_WORK INSTRUCTIONS_:
Under this line sits a listing. Repeat exactly and only its lines from the one holding "Cover Level 0" through the one holding "Al-Deir Monastery (Petra).jpg"; skip pictures.

_RECORDS TO PROCESS_:

========

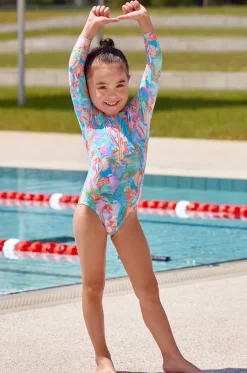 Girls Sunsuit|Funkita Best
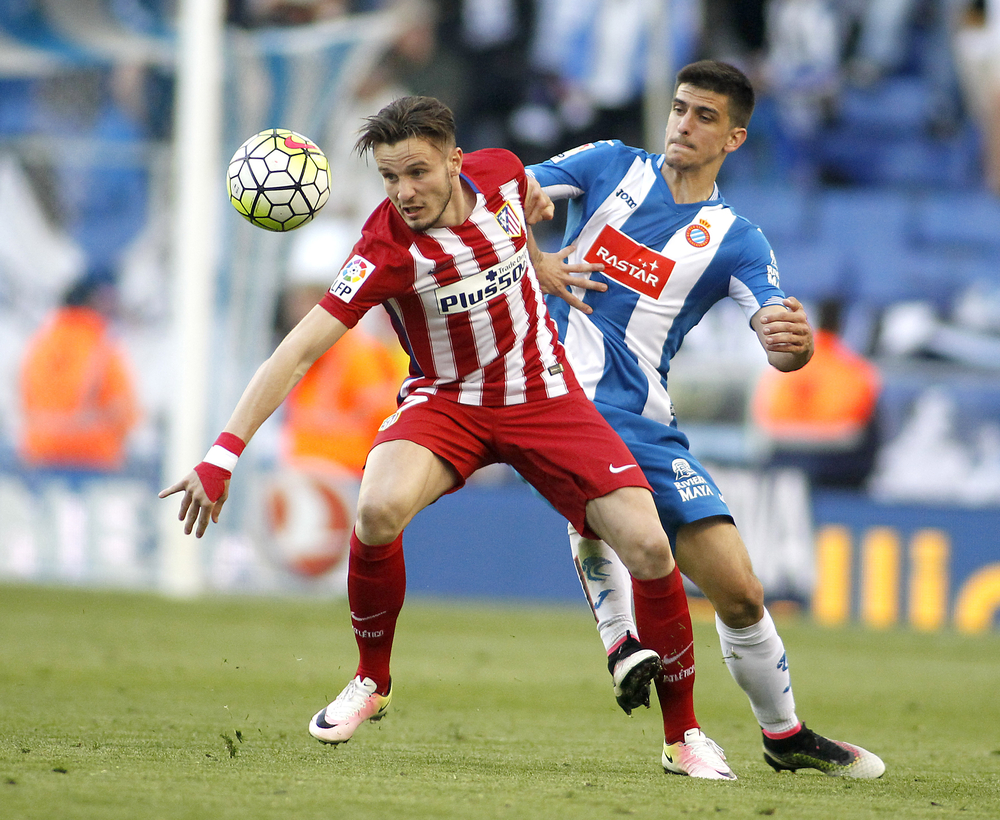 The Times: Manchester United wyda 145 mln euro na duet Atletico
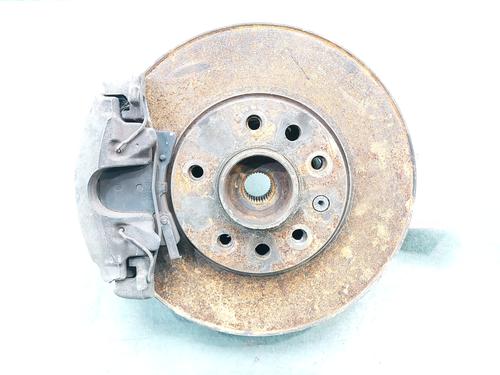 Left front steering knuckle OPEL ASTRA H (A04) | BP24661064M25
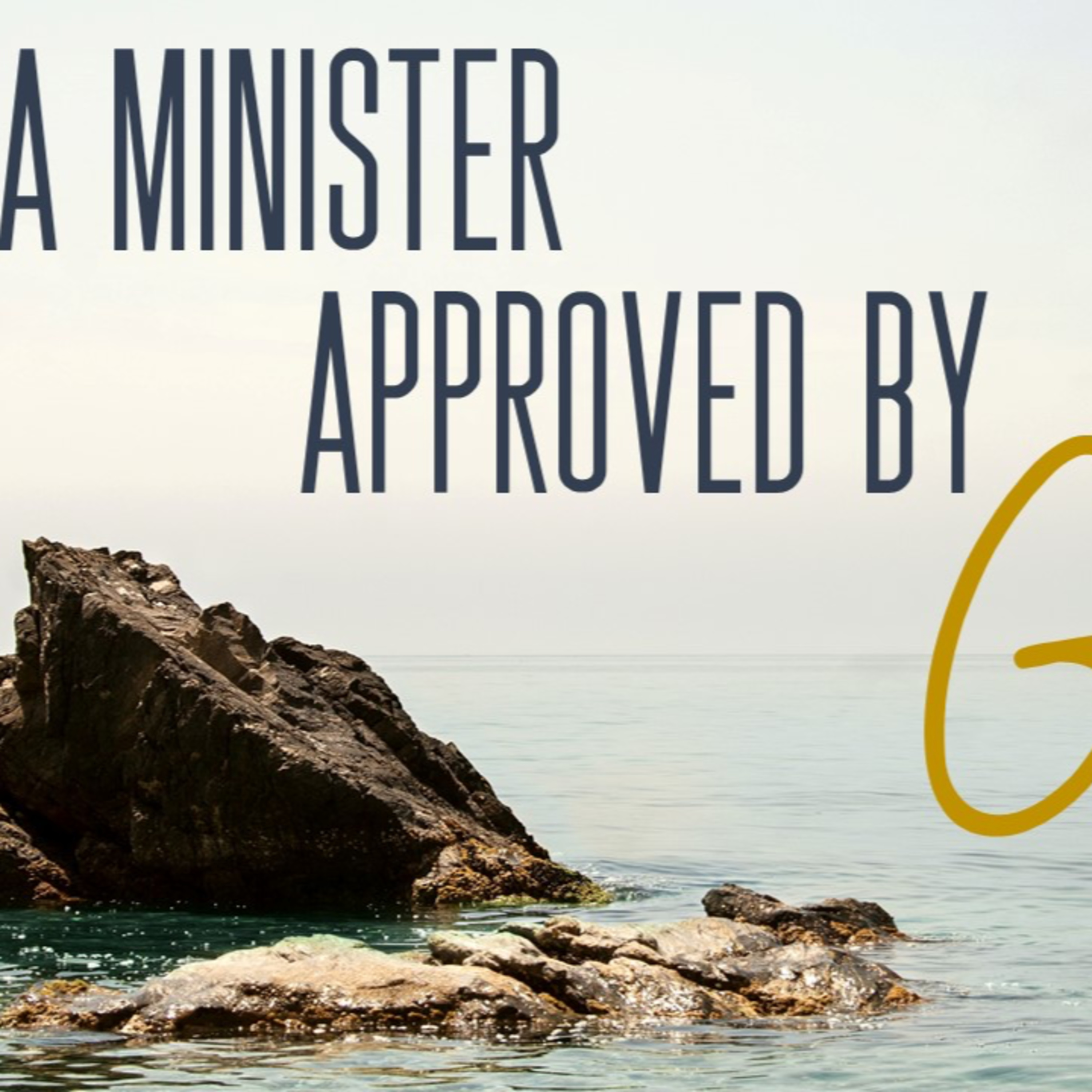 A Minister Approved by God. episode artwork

========

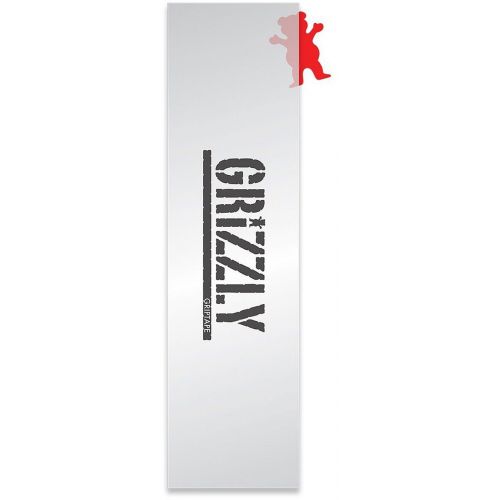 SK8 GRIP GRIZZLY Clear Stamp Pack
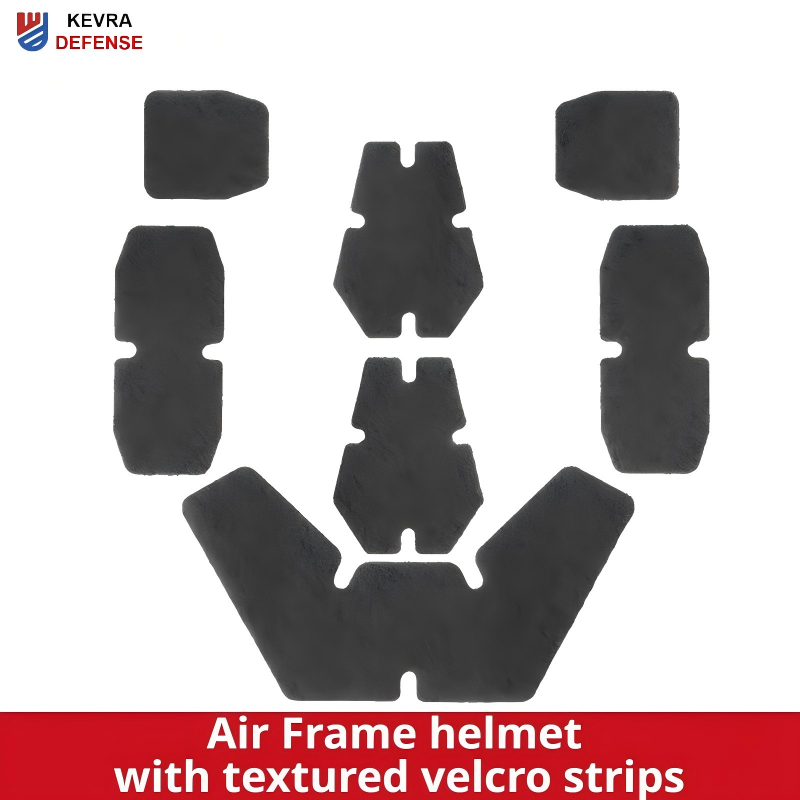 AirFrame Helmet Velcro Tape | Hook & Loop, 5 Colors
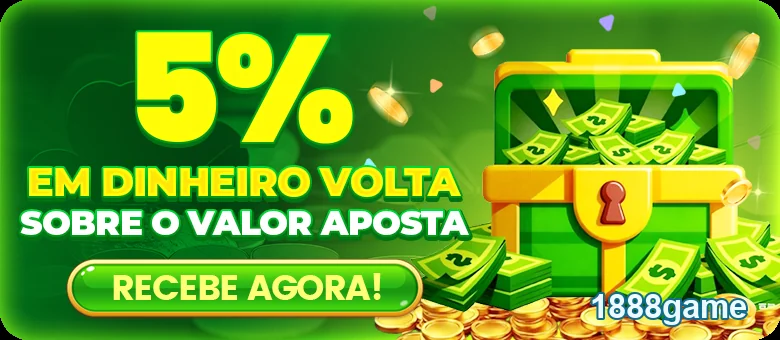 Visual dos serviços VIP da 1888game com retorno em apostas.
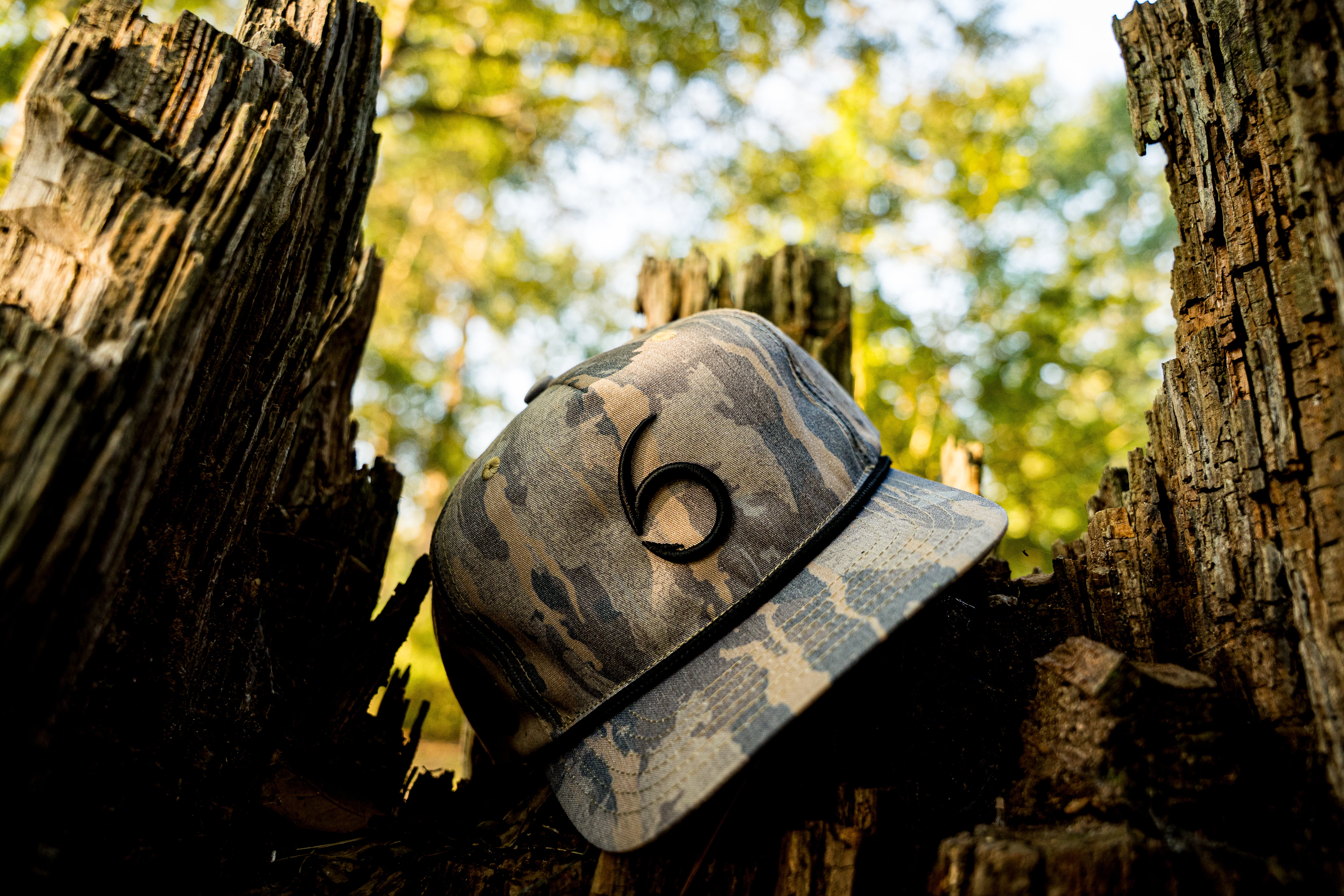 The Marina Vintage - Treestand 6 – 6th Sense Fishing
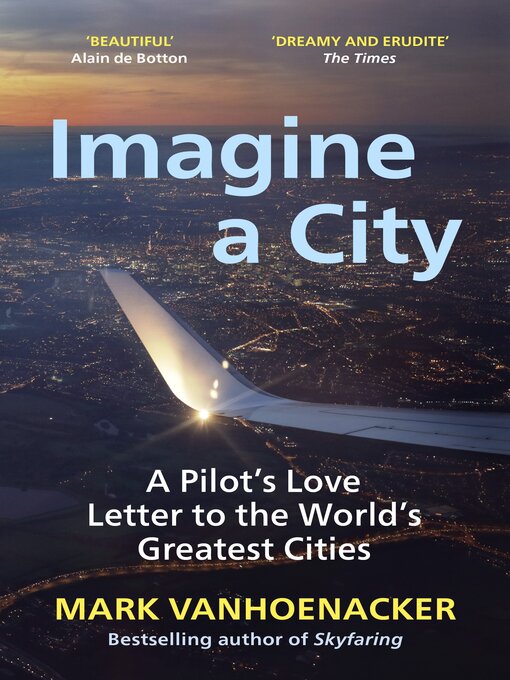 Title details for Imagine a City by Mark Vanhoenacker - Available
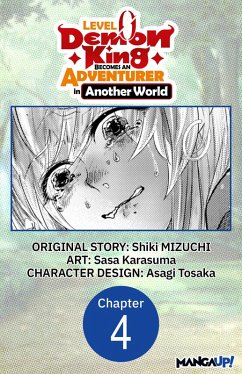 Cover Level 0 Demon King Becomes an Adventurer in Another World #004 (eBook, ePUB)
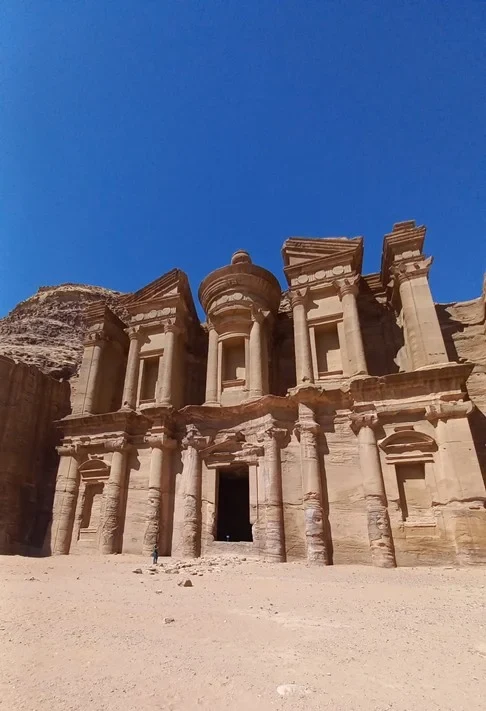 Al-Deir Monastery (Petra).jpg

========

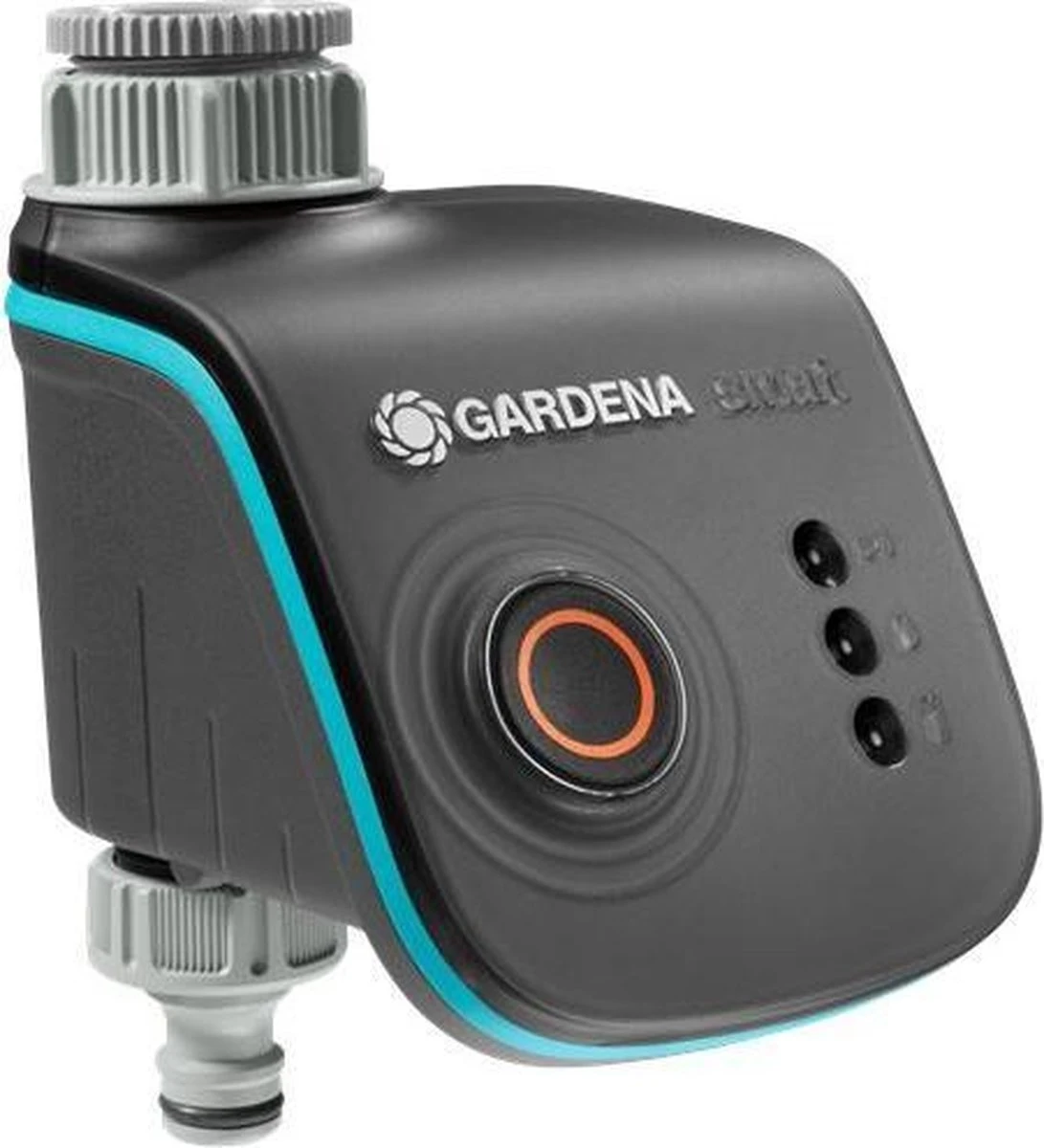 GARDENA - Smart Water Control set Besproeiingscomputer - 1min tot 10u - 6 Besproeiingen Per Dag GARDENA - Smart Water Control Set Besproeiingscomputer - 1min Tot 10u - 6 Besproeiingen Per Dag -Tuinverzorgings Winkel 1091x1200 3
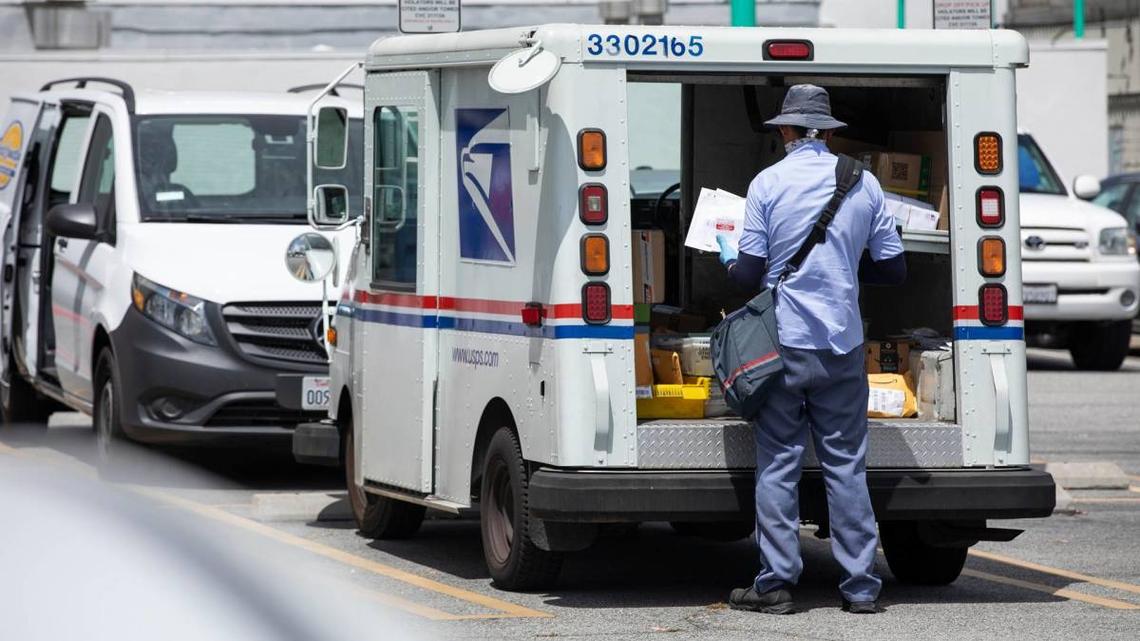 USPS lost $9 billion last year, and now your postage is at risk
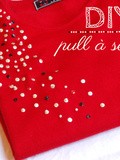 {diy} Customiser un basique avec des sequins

========

_OUTPUT FOR THIS TASK_:
 Cover Level 0 Demon King Becomes an Adventurer in Another World #004 (eBook, ePUB)
 Al-Deir Monastery (Petra).jpg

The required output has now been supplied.